Before the race both trainer Paul Nicholls and jockey Ruby Walsh were eager to underline that the Stewart family’s prized asset was in the bosom of health, and so it proved with a resounding nine-length win.
“My wife has just told me that she has changed my flight to the 23rd to get back to Barbados, so it is the Long Walk Hurdle at Ascot in three weeks and I shall be there,” owner Andy Stewart confirmed the intended target for the winner.
(Click here to listen to Rupert Bell's interview with Paul Nicholls)
Ladbrokes cut Big Buck's to 4-5 for an unprecedented fifth World Hurdle, although William Hill dangled the carrot to punters by continuing to offer 6-5. The firm did change their quote of 2-1 to remain unbeaten throughout the season to 7-4, however, after Nicholls assured the Newbury crowd that a well-trodden path would be followed.
“Five Dream helped him out early on and that’s because there was nothing in the race. The better the race the better he is,” the Ditcheat trainer said.
“Probably everyone will keep away from him only to have a go at him at Cheltenham but we can keep ticking away.
“Everything slots in to his own place and he is doing what he is best at. People say he should have other challenges but he can’t do much more than what Frankel did on the Flat and run in the right races.
“One day he will get beat, but at the moment he is in really good shape and it will take something special to beat him. I used to say he would get himself beat but he is more reliable now.
“There is a Grade 1 at Aintree that he is good at, too. If there is a race for him why change anything? Like Kauto, after he had won a Gold Cup and a King George you wouldn’t just switch him back in trip, you stick to the programme.
“He has a great following, he is good for racing and people like to see him."
This time four years ago Big Buck’s was sent off the 5-1 favourite for the Hennessy Gold Cup, but unseated Sam Thomas in a landmark moment. It heralded the decision to revert back to the smaller obstacles over which Big Buck’s has now extended his record beyond Sir Ken’s 16 wins that had stood for 59 years.
It was Big Buck’s first race since his fluid seven-length cakewalk in the Liverpool Hurdle at Aintree in April and after a racecourse gallop at Exeter he was sent off at 1-12.
It was the shortest price in his 37-race career, having traded at 1-8 in this race 12 months ago, having rewarded odds-on traders at 2-7 two seasons ago and 2-5 for his maiden victory in the race.
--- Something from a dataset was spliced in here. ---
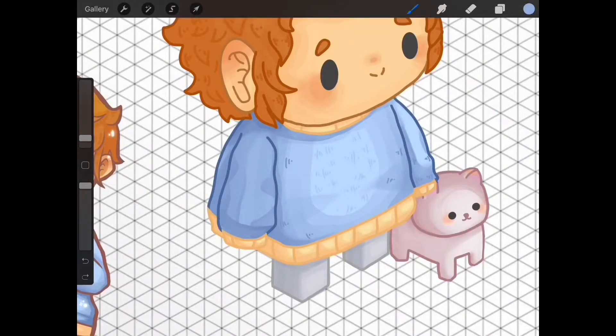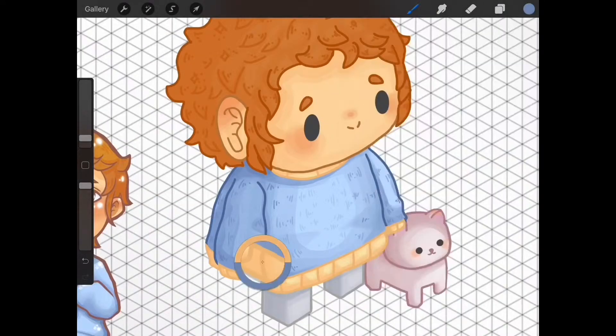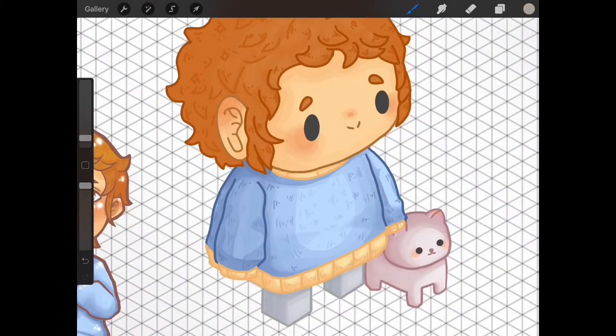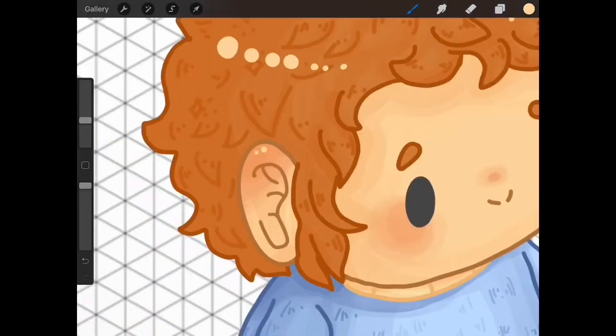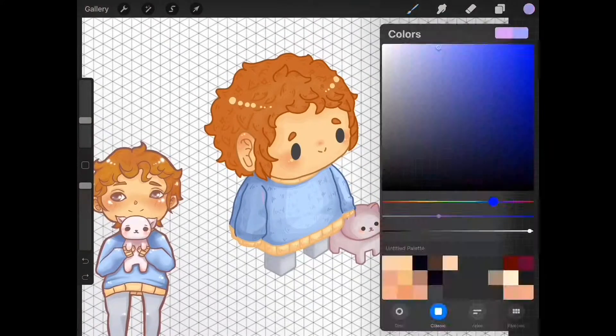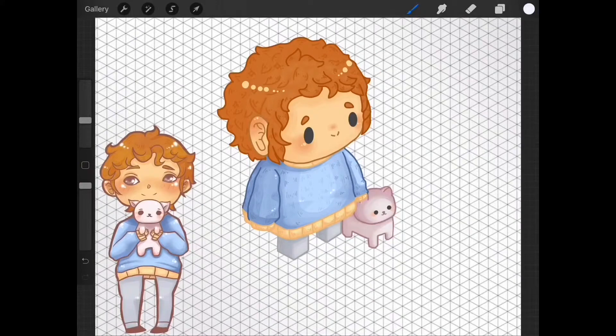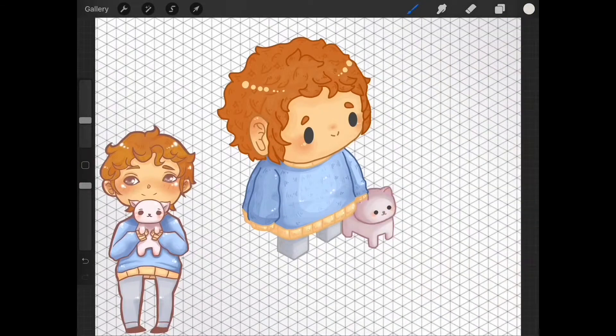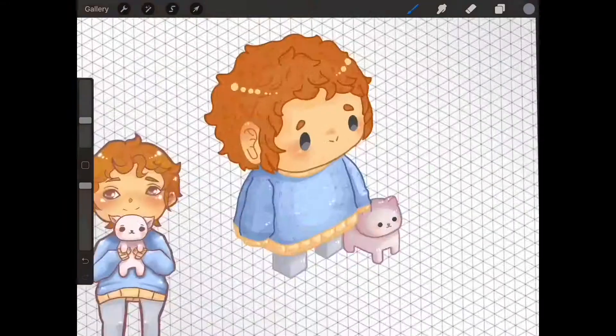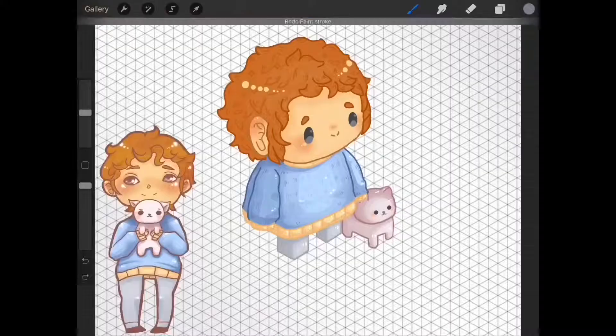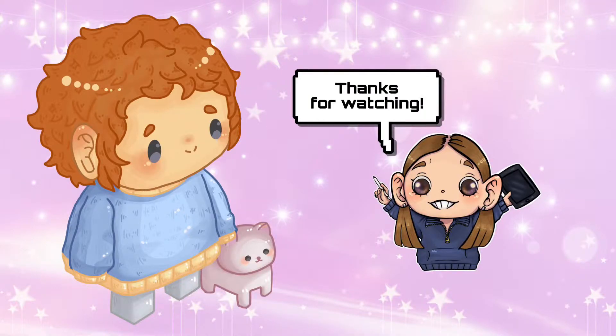Lastly, I went in with a light yellow and light blue for highlights. I didn't want to use white because I didn't want to stray away from the color palette and that's how I do an isometric drawing and how I color. Thanks for watching!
“There no such thing as a certainty, but that was incredible and compared to when he galloped at Exeter the other day and as soon as walked on to the track to line-up he came alive,” Walsh said. “He got a bit close to the first two but after that he was brilliant. From the time we quickened up from the cross fence he was just coasting.”
Big Buck’s faced just three rivals, the smallest field he had faced for five years and in the race itself since 1990. As Nicholls had stated before the race, Big Buck’s took control of proceedings from the off, with Walsh being kept company at the front by Ryan Mahon on Five Dream.
Just before the second last, Dougie Costello took Fox Appeal to the stands’ side in order to challenge, much as Voler La Vedette had done at Cheltenham in March, but by then Big Buck’s was gone and there was no catching him.